■ **DATA FOR REVIEW**:
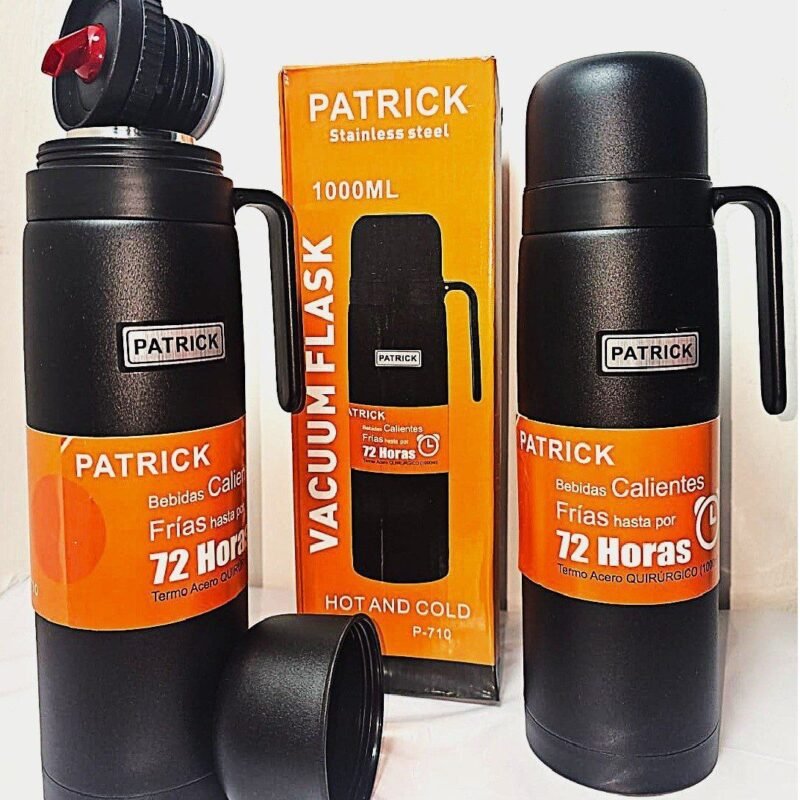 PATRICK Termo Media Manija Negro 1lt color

...

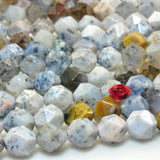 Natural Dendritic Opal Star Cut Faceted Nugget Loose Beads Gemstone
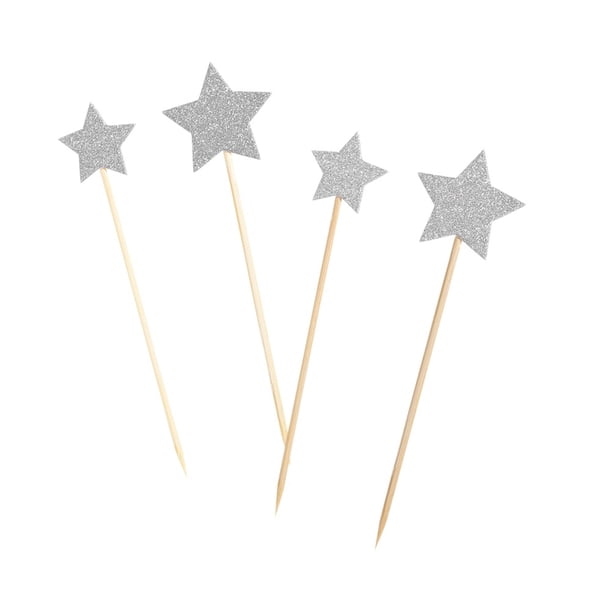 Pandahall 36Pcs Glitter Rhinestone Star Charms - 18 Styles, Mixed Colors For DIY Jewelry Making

■ **REQUIRED WORK**:
In the listing above, find the line with "Natural Dendritic Opal" and the line with "Pandahall 36Pcs Glitter". Output both, plus every line between them, and no pictures.

■ **ANSWER BOX**:
 Natural Dendritic Opal Star Cut Faceted Nugget Loose Beads Gemstone
 Pandahall 36Pcs Glitter Rhinestone Star Charms - 18 Styles, Mixed Colors For DIY Jewelry Making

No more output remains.